Authors:E J Parra  A Marcini  J Akey  J Martinson  M A Batzer  R Cooper  T Forrester  D B Allison  R Deka  R E Ferrell  and M D Shriver
Affiliation:1Department of Human Genetics, Allegheny University of the Health Sciences, University of Pittsburgh, Pittsburgh;2Department of Human Genetics, University of Pittsburgh, Pittsburgh;3Department of Pathology, Stanley S. Scott Cancer Center, Louisiana State University Medical Center, New Orleans;4Department of Preventive Medicine and Epidemiology, Loyola University Stritch School of Medicine, Maywood, Illinois;5Tropical Metabolism Research Unit, University of the West Indies, Mona, Jamaica;6Obesity Research Center, St. Luke's–Roosevelt Hospital, Columbia University College of Physicians and Surgeons, New York;7Department of Environmental Health, University of Cincinnati, Cincinnati
Abstract:We analyzed the European genetic contribution to 10 populations of African descent in the United States (Maywood, Illinois; Detroit; New York; Philadelphia; Pittsburgh; Baltimore; Charleston, South Carolina; New Orleans; and Houston) and in Jamaica, using nine autosomal DNA markers.
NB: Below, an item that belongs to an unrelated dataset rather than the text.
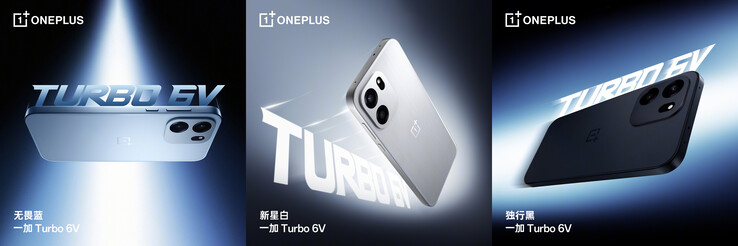 Three color options of the Turbo 6V (Image source: OnePlus)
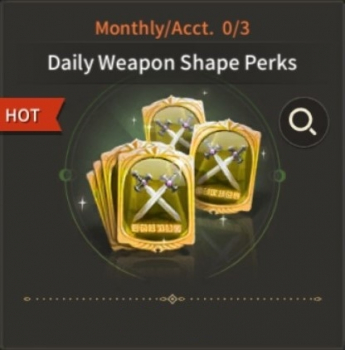 Moonlight Sculptor: DarkGamer   :  Daily Weapon Shape Perks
These markers either are population-specific or show frequency differences >45% between the parental populations and are thus especially informative for admixture. European genetic ancestry ranged from 6.8% (Jamaica) to 22.5% (New Orleans). The unique utility of these markers is reflected in the low variance associated with these admixture estimates (SEM 1.3%-2.7%). We also estimated the male and female European contribution to African Americans, on the basis of informative mtDNA (haplogroups H and L) and Y Alu polymorphic markers. Results indicate a sex-biased gene flow from Europeans, the male contribution being substantially greater than the female contribution. mtDNA haplogroups analysis shows no evidence of a significant maternal Amerindian contribution to any of the 10 populations. We detected significant nonrandom association between two markers located 22 cM apart (FY-null and AT3), most likely due to admixture linkage disequilibrium created in the interbreeding of the two parental populations. The strength of this association and the substantial genetic distance between FY and AT3 emphasize the importance of admixed populations as a useful resource for mapping traits with different prevalence in two parental populations.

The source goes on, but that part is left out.